SANTA CLARA, Cuba. – Habrían pasado unos seis meses desde los sucesos en Dos Ríos cuando el campesino José Rosalía Pacheco le señalara a Enrique Loynaz del Castillo el sitio exacto donde había caído el “presidente de los insurrectos”, marcado por un palo de corazón. “Aquí, aquí mismo recogí la sangre de Martí. Vea todavía la huella del cuchillo por donde arranqué a la tierra todo el charco de sangre coagulada para guardarla en un pomo”.
A tres kilómetros al noroeste de Palma Soriano, donde confluyen los ríos Cauto y el Contramaestre, el ejército español causó una única baja aquel mediodía del 19 de mayo de 1895. En vano, el joven teniente Ángel de la Guardia había intentado rescatar al caído creyéndolo aún herido en la escaramuza. A minutos de la retirada y posterior regreso junto a las tropas cubanas, aparecía el caballo Baconao cubierto de sangre como confirmación inmediata de la desgracia.
A pesar de las señas ofrecidas por De la Guardia, quien acompañaba en ese momento a Martí, el general Máximo Gómez aún conservaba la ilusión de que hubiese podido quedarse extraviado en la “confusión de la pelea” o prisionero de la columna enemiga. En carta al coronel en jefe español, solicitó fe de vida o que le comunicaran al menos dónde habían sido depositados sus restos, mas no recibió respuesta de la contraparte. Luego de varios intentos fallidos por recuperarlo y tras el retorno del mensajero que condujo la misiva, asumió la certeza definitiva de la muerte del delegado y futuro presidente de la República en Armas.

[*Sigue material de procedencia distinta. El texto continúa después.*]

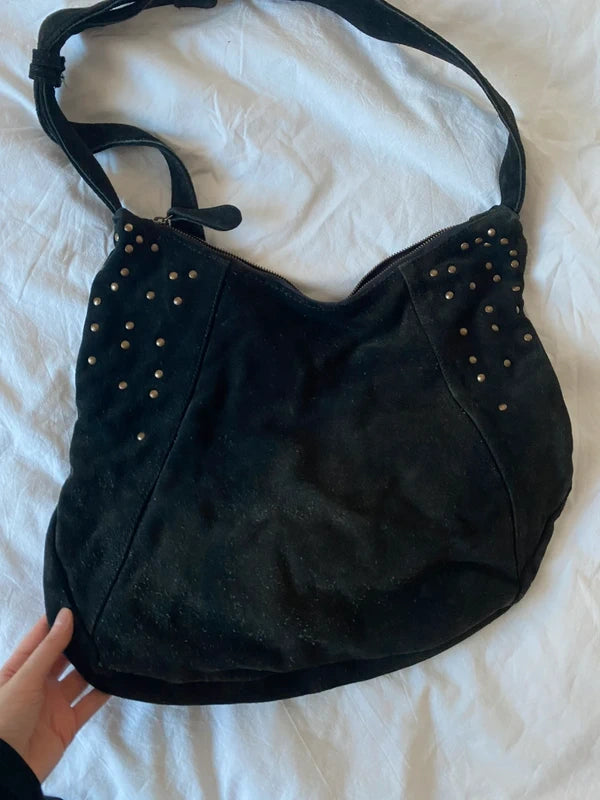 Vintage high quality genuine suede leather handbag shoulderbag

Ni siquiera el propio coronel Ximénez de Sandoval, al mando de la columna que ejecutó la avanzada, estuvo completamente confiado de la identidad del abatido hasta que hubo de revisar sus pertenencias personales. En un mensaje posterior enviado a sus superiores, aclaró que el “titulado presidente cayó con cinco balazos” y que la posesión de su cadáver estaba siendo “muy disputada por los suyos”.

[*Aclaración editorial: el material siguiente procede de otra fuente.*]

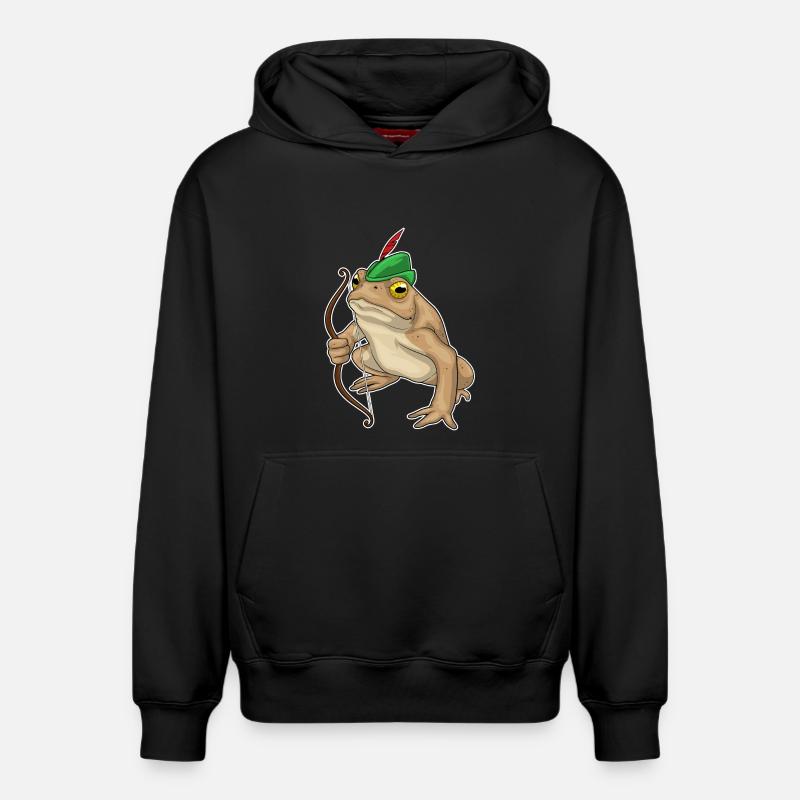 Arc de grenouille Archer - Sweat à capuche unisexe décontracté en coton biologique – de SPREAD - noir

Al momento del tiro mortal, Martí era un blanco fácil a la vista enemiga: vestía botines, un saco negro y sombrero oscuro de castor, y en la mano llevaba el revolver Colt con empuñadura de nácar obsequiado por Panchito Gómez Toro, sujeto al cuello por un cordón, del que no fue disparado un solo cartucho.
En su poder tenía un reloj y un pañuelo, ambos con sus iniciales (JM), y varios documentos preciados en los bolsillos: cartas y un retrato de María Mantilla y otras misivas de Carmen Miyares, Bartolomé Masó y Clemencia Gómez dirigidas a él, según reseña el fallecido investigador Rolando Rodríguez en su libro Dos Ríos: A caballo y con el sol en la frente.
También se halló el manuscrito inconcluso de la carta a Manuel Mercado, una cinta azul y el cortaplumas y la escarapela que se afirma pertenecieron a Carlos Manuel de Céspedes. Por múltiples referencias en textos históricos se conoce que el revólver fue entregado luego al general Arsenio Martínez Campos como botín de guerra y que las epístolas se confirieron a los archivos militares españoles.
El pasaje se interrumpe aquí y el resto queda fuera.